__What the task asks__. Word for word, output the data, with none of its pictures.

--- Task material ---

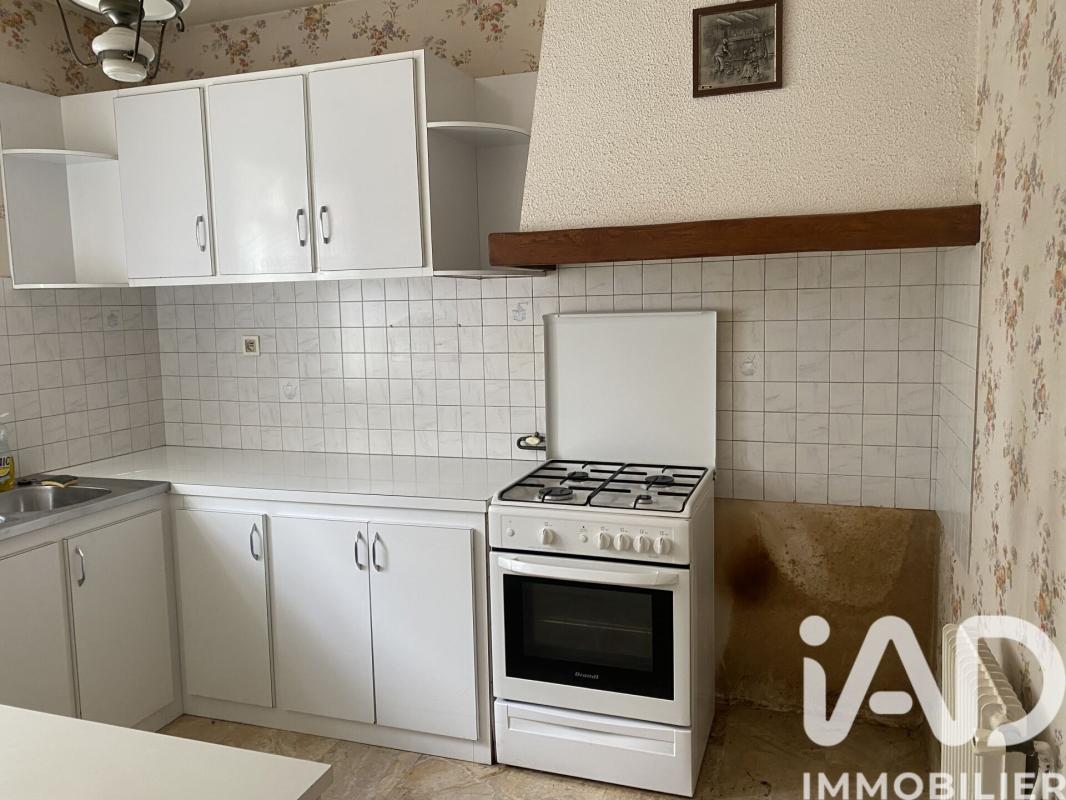 Maison 7 Pièce(s) Lanvellec - Photo 5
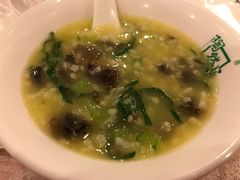 -陶然居·重庆菜(解放碑店)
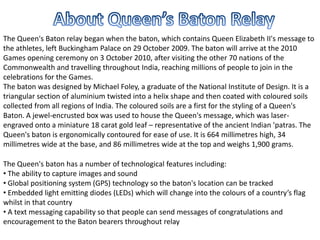 1,000 New AC Low Floor Buses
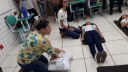 Semana da Inclusão Construtiva
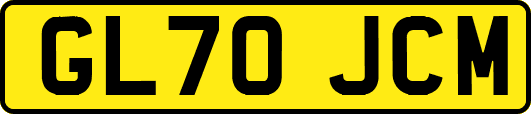 GL70JCM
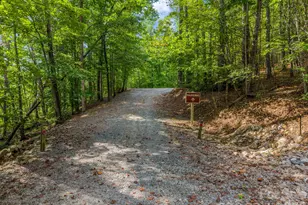 566 Nathan Mc Daniel Dr, Nebo, NC 28761 - Photo 37
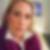 Profilbild på Ida-Maria Runsten
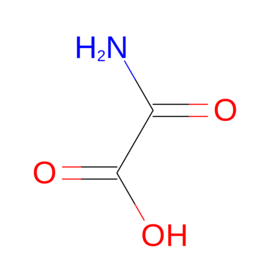 N/A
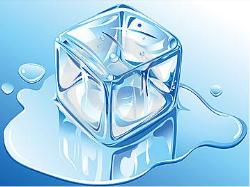 PABLO REFRIGERACION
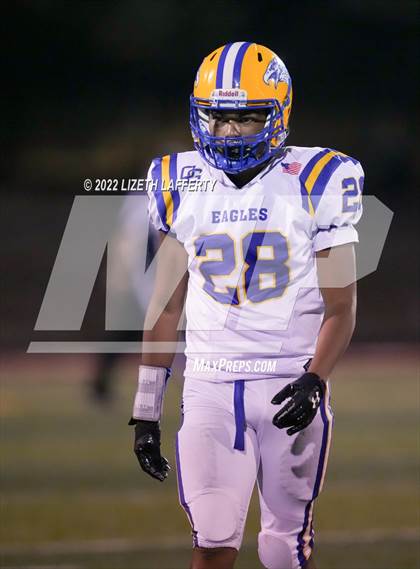 Thumbnail 2 in Oak Grove @ Piedmont Hills photogallery.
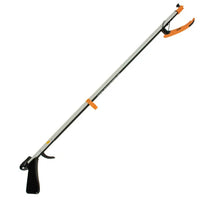 Homecraft Easireach II Reacher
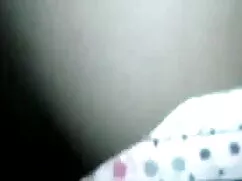 সুন্দরী মেয়েদের চোদ ...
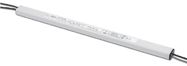 SUPERSLIM 1-10V 110V - LED Driver, TCI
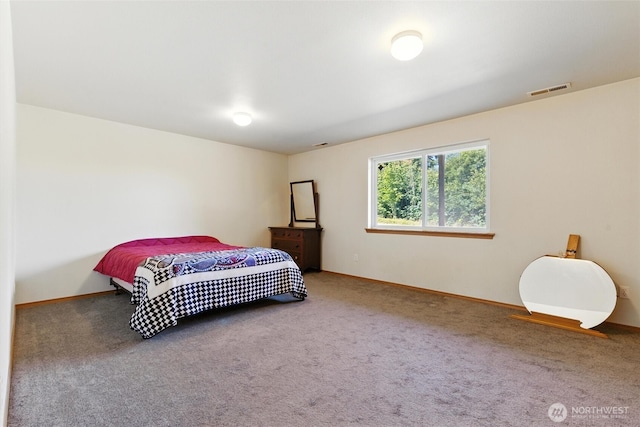 470 E Rasor Rd, Belfair, WA 98528 - photo 26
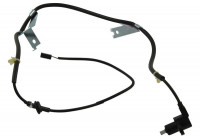 Sensor, wheel speed BAS-8537 Kavo parts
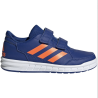 CHAUSSURES ADIDAS JUNIOR ALTASPORT CF
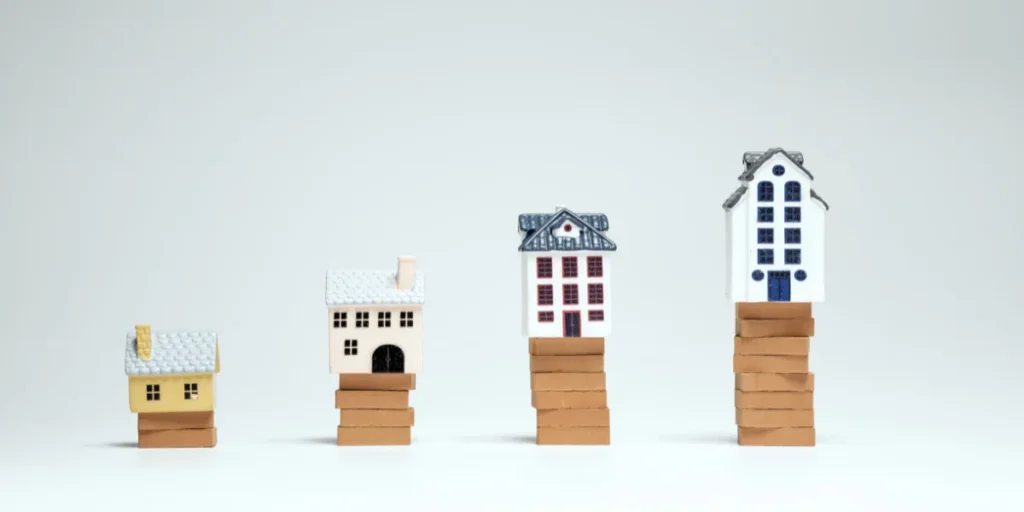 tiny homes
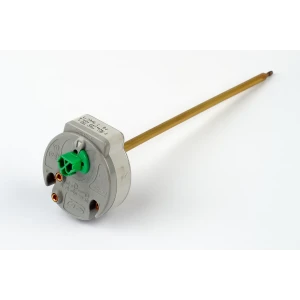 Termostat do podgrzewacza wody Ariston SI 10 65102908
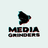 MediaGrinders logo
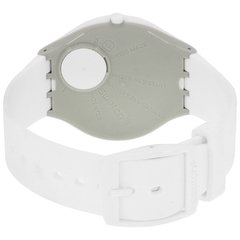 Reloj Swatch SKINPURE SVOW100 - tienda online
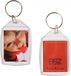 Merkloos Henzo Display Keychain 4.5X3.5 100st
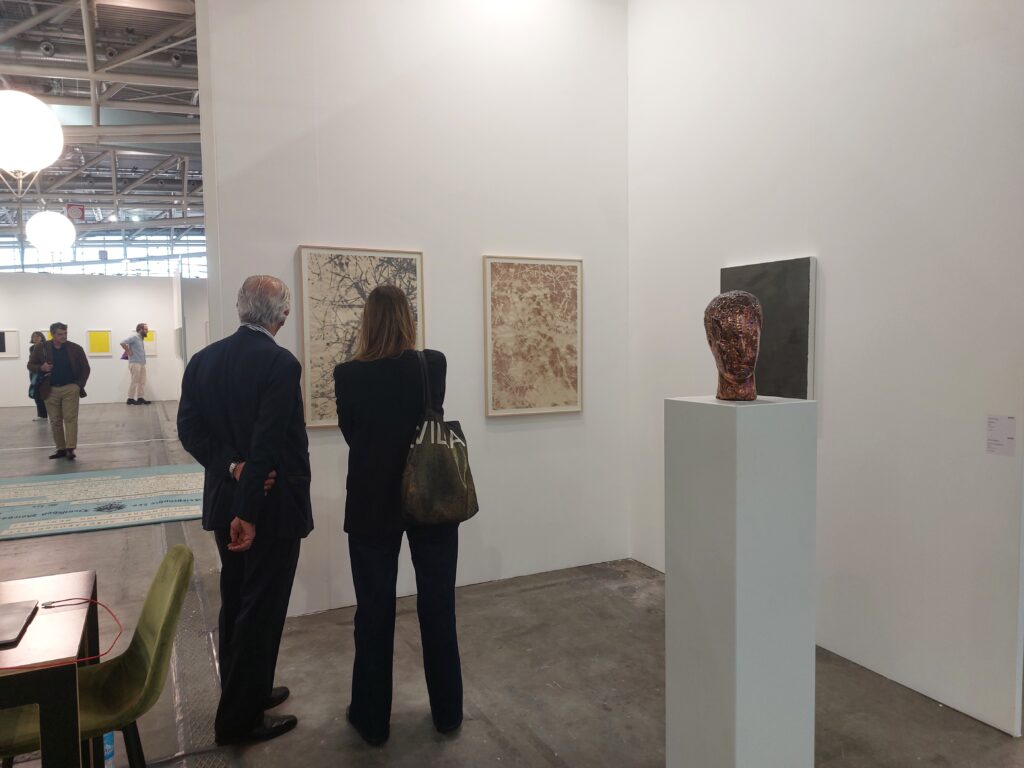 artissima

---

__Task result__.
 Maison 7 Pièce(s) Lanvellec - Photo 5
 -陶然居·重庆菜(解放碑店)
 1,000 New AC Low Floor Buses
 Semana da Inclusão Construtiva
 GL70JCM
 566 Nathan Mc Daniel Dr, Nebo, NC 28761 - Photo 37
 Profilbild på Ida-Maria Runsten
 N/A
 PABLO REFRIGERACION
 Thumbnail 2 in Oak Grove @ Piedmont Hills photogallery.
 Homecraft Easireach II Reacher
 সুন্দরী মেয়েদের চোদ ...
 SUPERSLIM 1-10V 110V - LED Driver, TCI
 470 E Rasor Rd, Belfair, WA 98528 - photo 26
 Sensor, wheel speed BAS-8537 Kavo parts
 CHAUSSURES ADIDAS JUNIOR ALTASPORT CF
 tiny homes
 Termostat do podgrzewacza wody Ariston SI 10 65102908
 MediaGrinders logo
 Reloj Swatch SKINPURE SVOW100 - tienda online
 Merkloos Henzo Display Keychain 4.5X3.5 100st
 artissima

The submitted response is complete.